10月30日に開催された“食”とテクノロジーがテーマのカンファレンスイベント「CNET Japan FoodTech Festival 2019」では、新たな技術と考え方をもとに飲食に関わる事業を展開する3者のパネルディスカッションが行われた。カスタムサラダ専門店の運営とセルフレジなどの開発を手がけるクリスプおよびカチリ、国内外にうどん店を展開するワンオータス、飲食店舗向けのロボットサービスを開発しているQBIT Robotics、それぞれの代表が自社の取り組みを披露した。
クリスプは、カスタムサラダ専門店「クリスプ・サラダワークス」を中心に都内で15店舗展開する企業。また、それらの店舗へ導入することを前提にした、キャッシュレスセルフレジや事前予約などに使うモバイルオーダーアプリの開発を手がける企業がカチリで、いずれも宮野浩史氏が代表取締役社長を務める。
好きな野菜、食材を組み合わせたサラダを注文できるクリスプ・サラダワークスのコンセプトは、「100人中1人でもこの店がないと困るような、本当に好きだと思ってもらえる熱狂的なファンがいればいい」というもの。ファーストフードのように気軽に来店でき、それでいてクオリティの高い料理を作っている、という日本ではまだ珍しい「ファーストカジュアル」と呼ばれるジャンルで、「米国でここ10年、2桁成長している」新業態でもある。
同社も2019年に7店舗を新規出店するなど急速にビジネスを拡大しているが、それができるのは属人性の少なさとシステム化を進めているからこそ、と宮野氏。「属人性とシステム化のバランスが大事」だとし、「熱狂的なファンをつくるときには人の良さが重要。飲食業では人だけが出せる価値が必ずあるので、そこに属人性はあっていい」と話す。
システムは、別会社のカチリで開発したキャッシュレスセルフレジとモバイルオーダーアプリを全店舗で導入。モバイルオーダーアプリでは、大手飲食チェーンが最近になって始めた事前注文の仕組みを、同社はすでに2017年から実現している。店舗ではほとんど現金を取り扱っておらず、キャッシュレス比率は82%。さらにモバイルアプリ・セルフレジなどからのデジタル注文が全体の6割と、既存の飲食店とは明らかに異なるビジネス構造になっている。
同社がこうした「人」と「システム」の2つを重視するのには理由がある。近年のテクノロジーの進化と消費者の嗜好の細分化により、以前から言われている飲食店の成功に関係する3要素「商品(おいしい料理)」「箱(業態、商品力)」「人(スタッフ)」のうち、「商品」と「箱」の2つは今や「(たとえ優れていても)競争優位性がなくなってきている」と考えているからだ。

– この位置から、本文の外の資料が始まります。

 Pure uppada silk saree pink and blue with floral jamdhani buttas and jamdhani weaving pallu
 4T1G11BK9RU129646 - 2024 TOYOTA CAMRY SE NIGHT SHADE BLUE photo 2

「商品」については、ネットを検索すれば「世界中の人が評価したおいしいサラダのレシピがある」うえに、新しいものが次々と現れる。同氏はクリスプを立ち上げるまで「サラダを一度も作ったことない」と打ち明けるが、現代は「マズいものを作るのは難しくなってきている」ような状況。「うちの店はおいしい、というのは大事なこと」ではあるものの、それ自体が「競争優位性」にはなり得ないわけだ。
また「箱」についても、ソーシャルネットワークの普及などにより、新しいものを生み出してもすぐに模倣され、広まってしまう時代。「昔は新しいアイデアを1個思いつくことができれば、10年、20年やっていけた」のが、今やあっという間に似たものが出てきてしまう。流行の移り変わりも早い。「店作りも大事だが、それも競争優位性じゃない」。
したがって、残るのは「人」となる。ただし、「飲食店舗に価値を与える魅力的な人が今も一杯いる」ものの、多くの飲食店で機械でもできるような役割を人が担っているのが実情だ。機械にできることは機械に任せ、人は人にしかできないことをやるべき、というのが同氏の考えで、それがモバイルオーダーアプリなどのシステム開発につながっている。飲食業界全体で、いずれ「人が最も大事なものになってくる」と見ている。
当然ながら、システム化はデータの活用にも結び付く。日本でデータを積極的に活用している飲食店はまだ少なく、それだけで「進んでいる」と捉えられがちだが、すでに世界ではデータを使うことが当たり前。「中国、米国などで伸びている外食店舗はみんなデータを使っている」という。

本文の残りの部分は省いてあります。